# Would like ladies opinion, fiance of 11 yrs "does not love me enough"



## bobsmith (Oct 15, 2012)

I will try to punch through 11yrs of life quickly. Met my fiance through friends and we were both "just having fun", no real relationship. She got pregnant so I immediately offered to move her in my house to give her a safe eviroment and reduce costs.
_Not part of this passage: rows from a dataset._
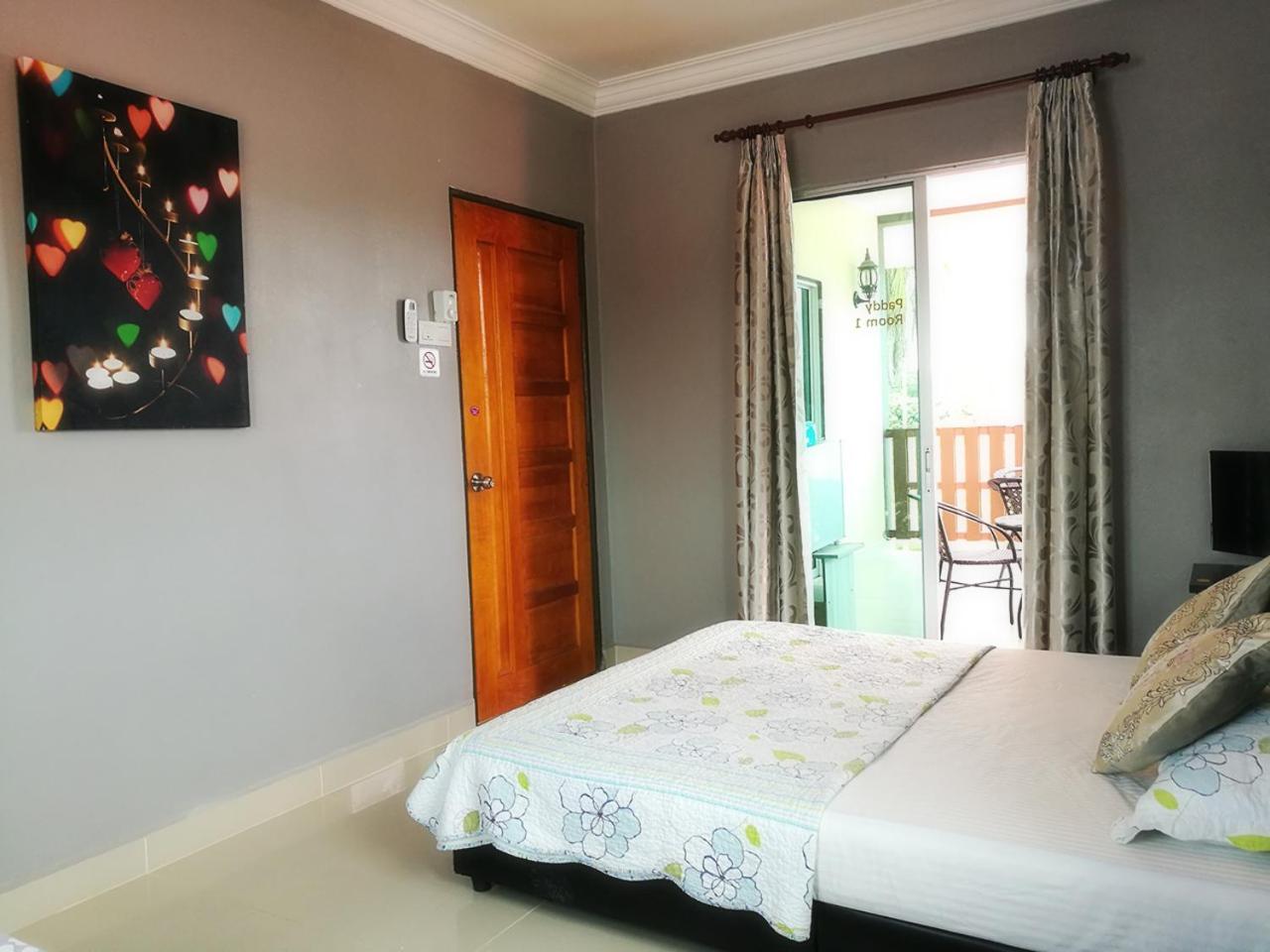 Triple Room with Balcony photo 2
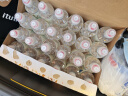 农夫山泉 饮用水 饮用天然矿泉水 400ml*24瓶 整箱装 实拍图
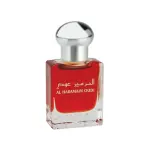 Λάδι αρωμάτων Al Haramain Oudi 15 ml. - Unisex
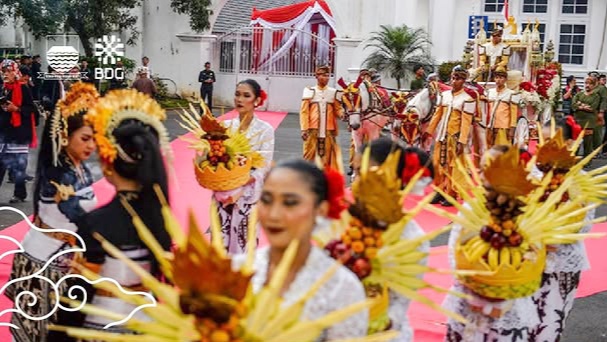 Pemkot Bandung Imbau Masyarakat Gunakan Area Parkir yang Disediakan dalam Milangkala Tatar Sunda Pemkot Bandung Imbau Masyarakat Gunakan Area Parkir yang Disediakan dalam Milangkala Tatar Sunda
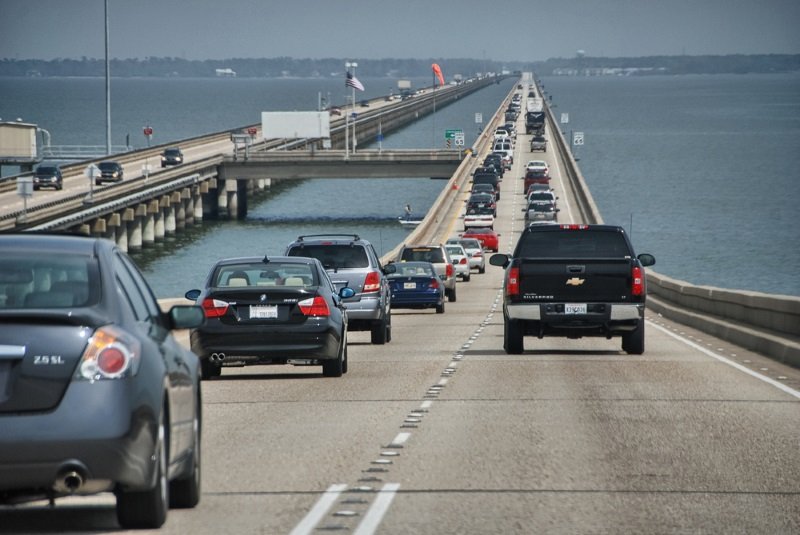 Top 10 Longest Bridges in the World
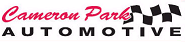 Logo for Cameron Park Automotive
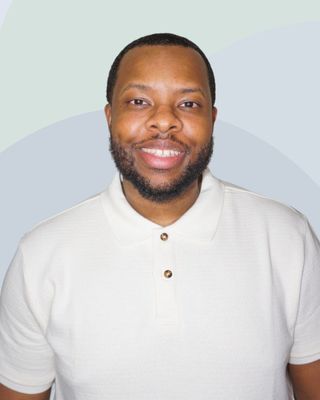 Photo of Dylan Williams, Registered Psychotherapist (Qualifying), MA (C)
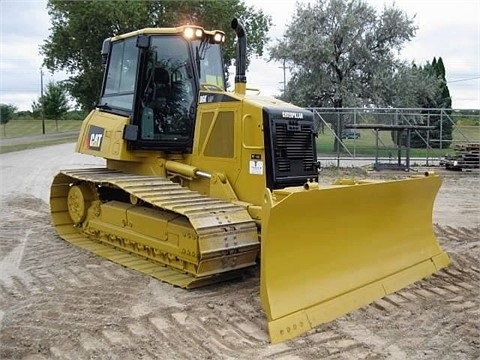  Caterpillar D6K importada de segunda mano Ref.: 1406046613432670 No. 4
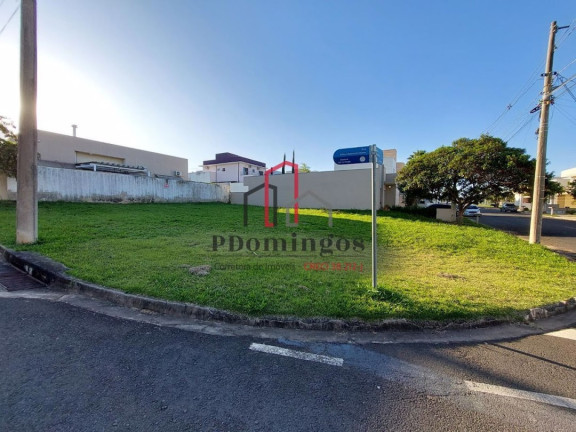 Imagem Terreno à Venda, 471 m² em Residencial Real Park Sumaré - Sumaré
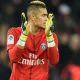 PSG/Toulouse - Areola "On avait à coeur de gagner ce match... On a envie de battre les records"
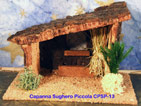 Capanna Sughero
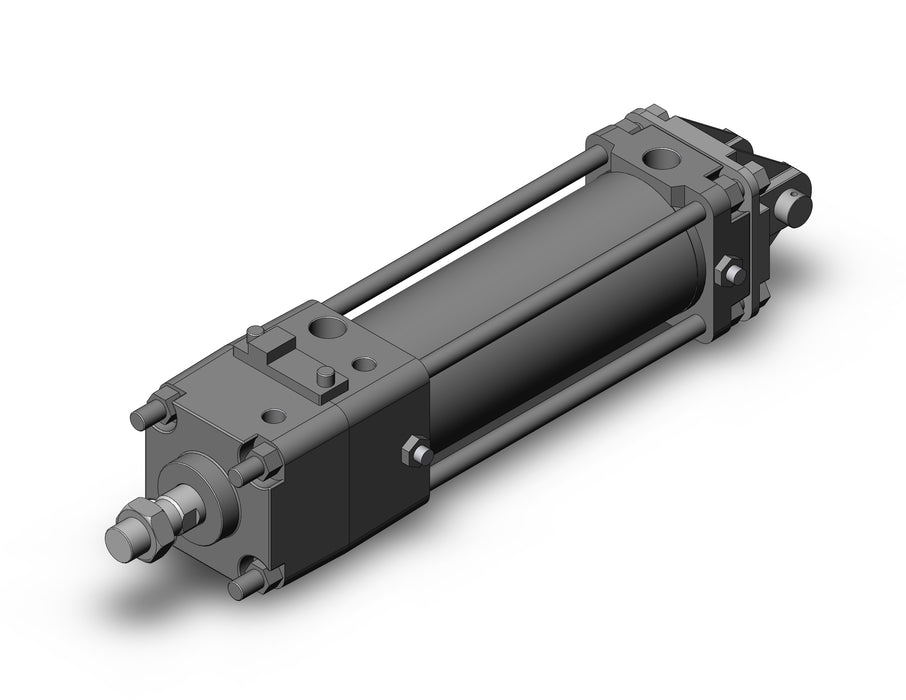 CDLA2D80-175-E Fine Lock Cylinder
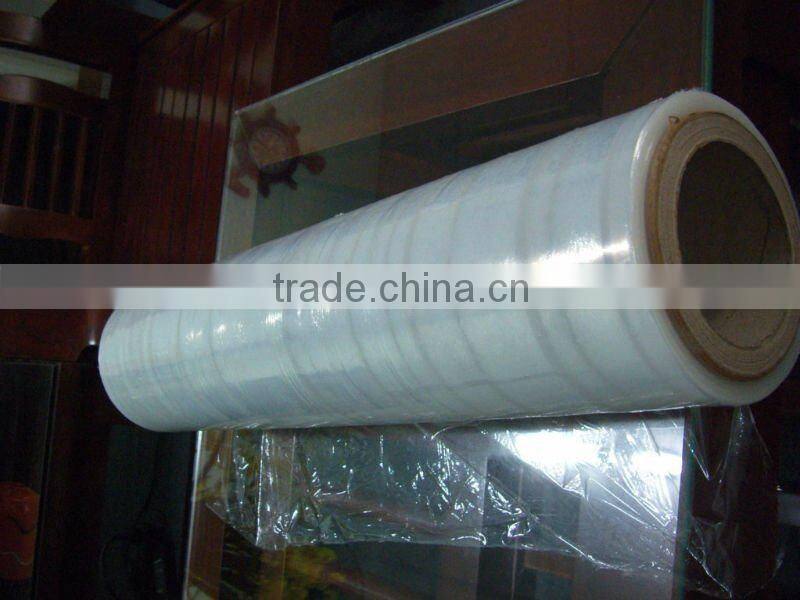 PE Stretch film covering film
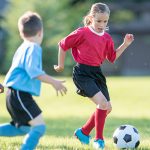Soccer: The Key to Better Bone Development for Adolescents?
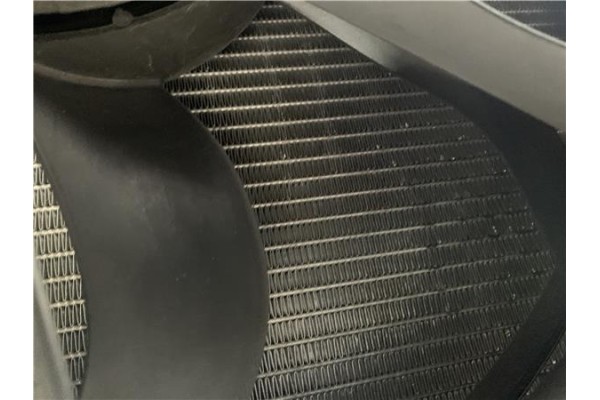 Recambio de radiador aire acondicionado para opel mokka 1.7 business referencia OEM IAM 95321794  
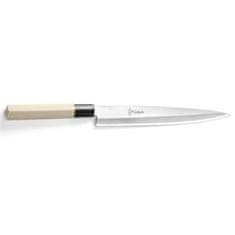 shumee Japonský nôž SASHIMI s drevenou rukoväťou 240 mm - Hendi 845042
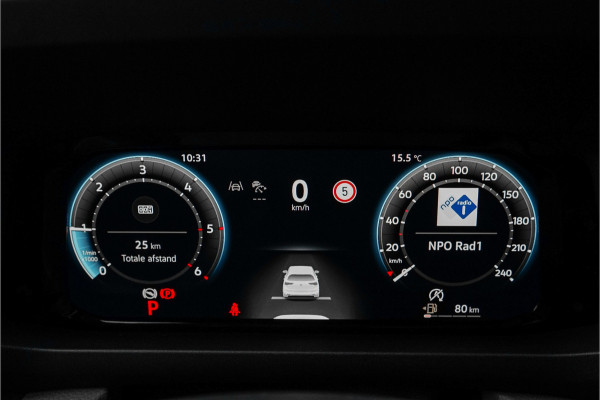Volkswagen Crafter 35 2.0 TDI L3H2 Black Pack Vol+ ACC Dubbel Schuifdeur BPM Vrij Facelift LED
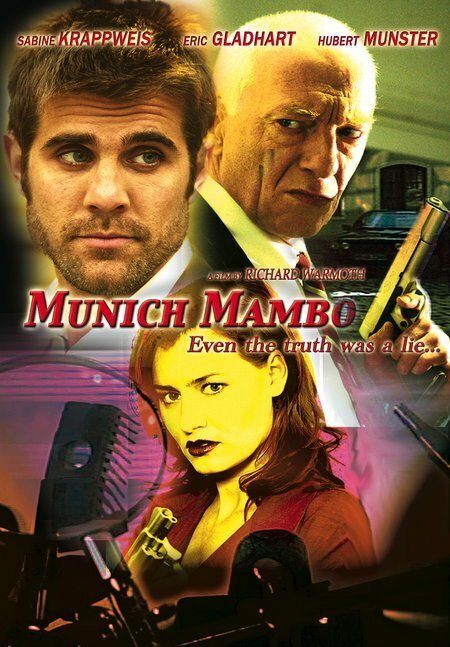 Смотреть фильм Munich Mambo (2005) онлайн в хорошем качестве HDRip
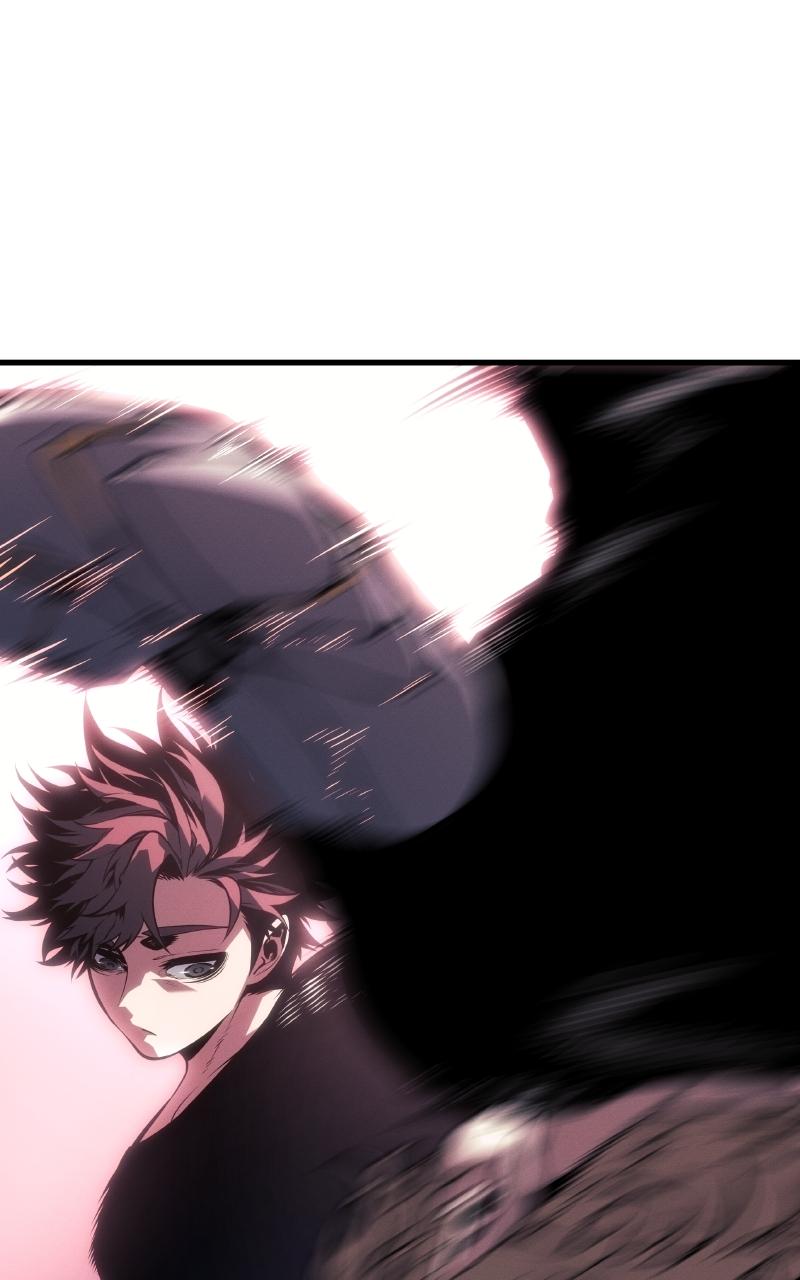 Read Bad Born Blood Manga Online
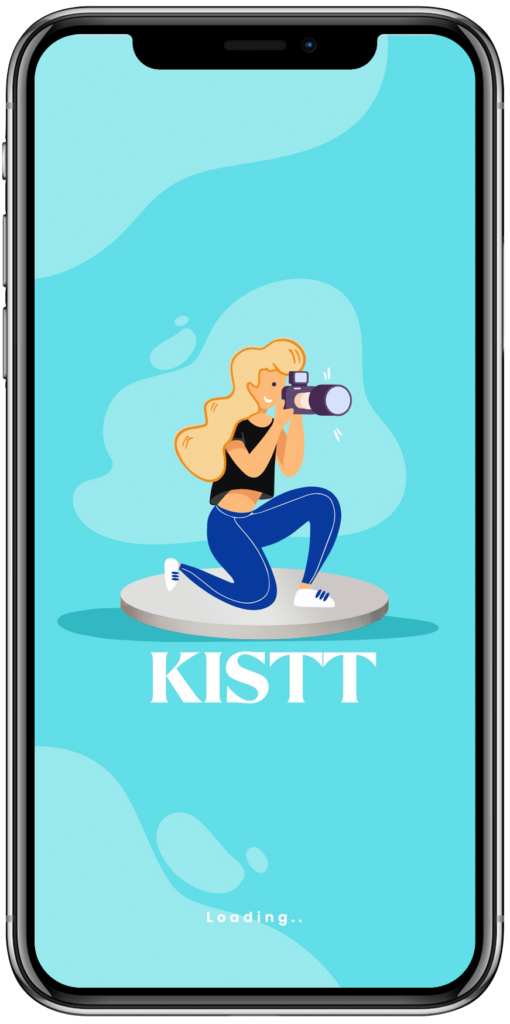 Create Your Own 360° Spin Photos - Kistt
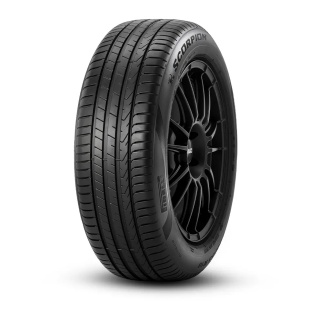 Opona letnia 295/40 R21 Pirelli Scorpion VOL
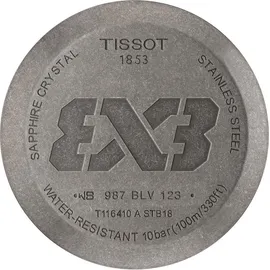 TISSOT Mod. GENT XL 3X3 STREET BASKETBALL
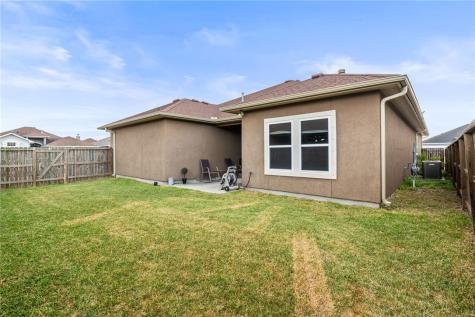 3830 Negin Drive Corpus Christi TX 78414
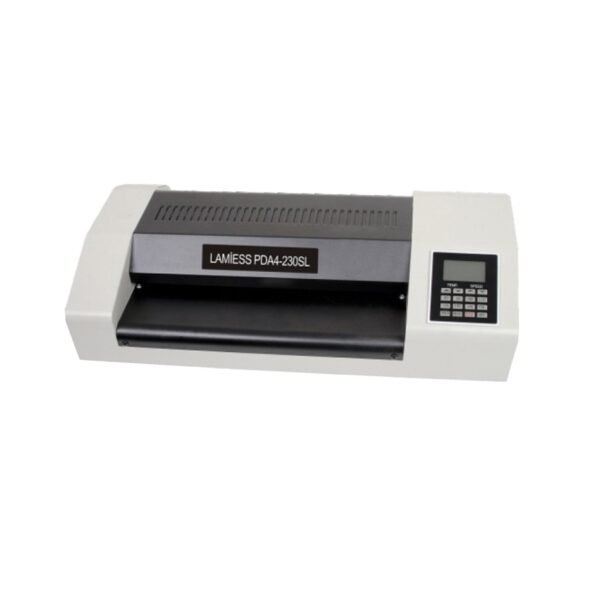 Lamiess Pda4-230Sl Laminasyon Makinesi - Görsel 1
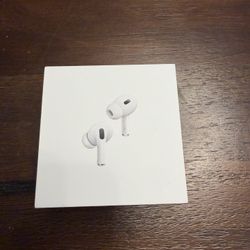 Apple AirPod Pro 2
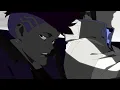 Cyberpunk/Juice WRLD (come and go)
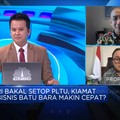 RI Ngebut Pensiunkan PLTU, Bisnis Batu Bara Kiamat Cepat?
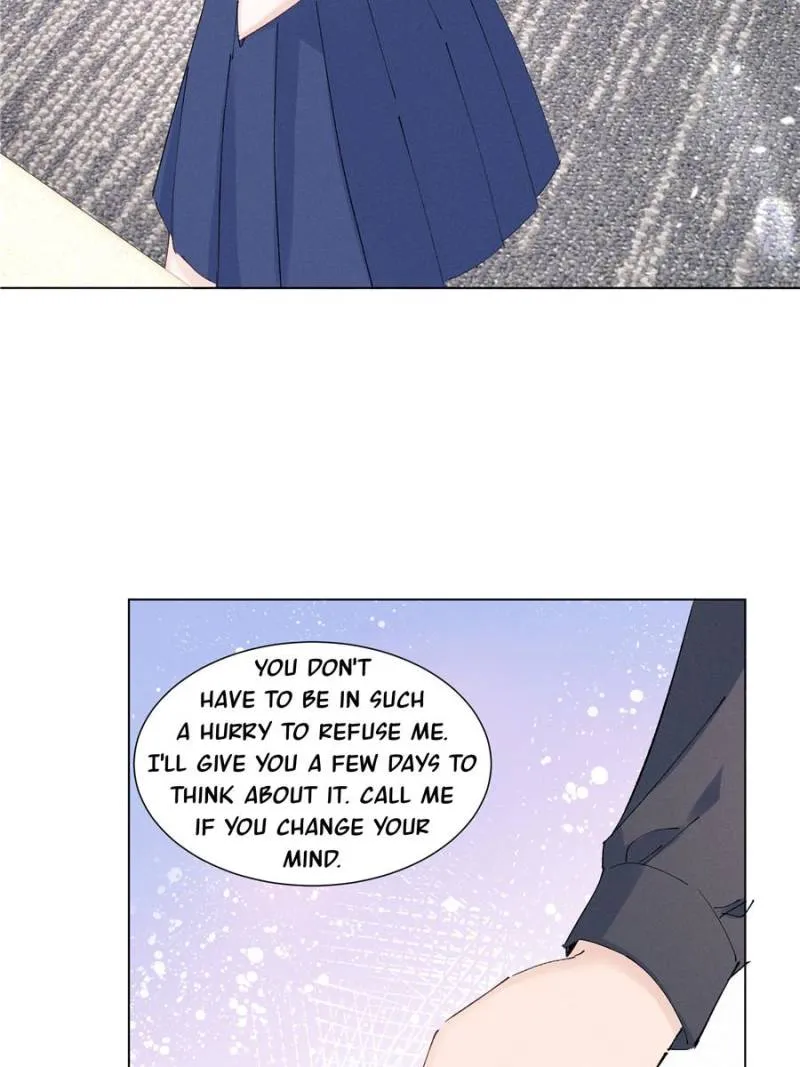 Beneath the Lady’s Mask chapter 47 page 12
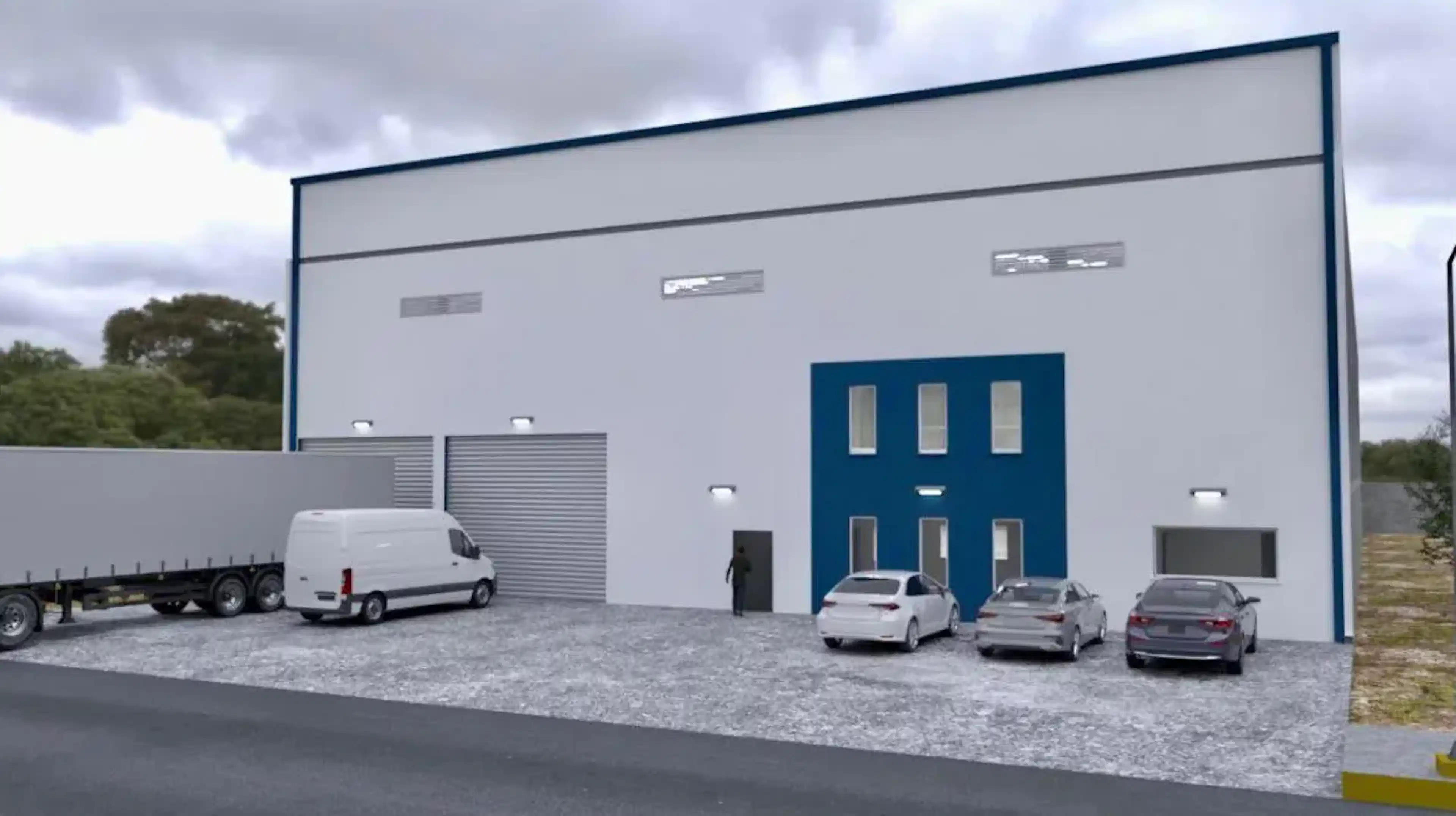 Avenida Anillo Periferico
I somewhat resented the prenancy because I was 22 and she was 24 and I wanted to live life more. 

She worked very hard for the relationship but I acted like a jack ass. We did not talk much and after 2yrs, she moved into her own house and we were "done". The minute that she moved, I lost it and had feelings that told me I loved her. After a couple months, I finally got to sit down and talk with her and I had a complete break down. I was finally able to explain some of my issues in life and that I apparently loved her and want to show her who I really am. 

I changed a LOT and we had a relationship for years in separate houses. Things again got split when she "was tired of just hanging out and wanted more of life". I had not proposed and told her that I was sort of avoiding marriage. I think I have titlement issues or something. I was also wanting to afford a nice ring and the time is just never right. 

We again got back together when I told her I too wanted more of life and wanted to be a good husband some day. About 3 yrs ago, I finally got her a ring and we were engaged. Then she accidently got pregnant again and we thought it was not the right time and almost aborted. We were actually at the clinic when my gears finally engaged and told her "we need to leave NOW and I will do whatever it takes to make this work". It was a powerful day and things went decent through pregnancy and birth. 

We finally decided to move her back to my house so we could get a bigger home TOGETHER. We have since bought a piece of property to build on. So we have a 10yo, 2yo, dog, and us in a 2bd/1ba house. Cozy... I am again kind of putting off marriage for financial reasons. It is simply embarrassing to me to not be able to afford a nice ring that she deserves. 

Through all of this, her father has died of cancer, our oldest has mild Autism, and it seems we kind of have waves of good and bad. I seriously think she has communication issues and every time we have a big sit down talk, I have to instigate it in which she will finally pour her heart out. 

I know the marriage thing is on her mind and when we visited a local arboritum, I knew it was the right place. I asked her to set up a visit to talk with them. She was very happy. however, we found out that liquor would not be allowed and because we never even talked about our wedding, we had different ideas. She felt VERY hurt after that I was just trying to plan a party. Just the other day she finally learned that I was very prowd of her and actually just wanted more people to witness our prowd moment. 

I noticed the other day she was not happy and heard her setting an appt with here shrink a few days back so I asked what the issue was. I finally got her to sit and talk and she said she is feeling puky about our relationship. I asked her why she has not put any effort into talking with me on ANYTHING and she said "right now I just do not love you enough to want to". Now THAT HURT. 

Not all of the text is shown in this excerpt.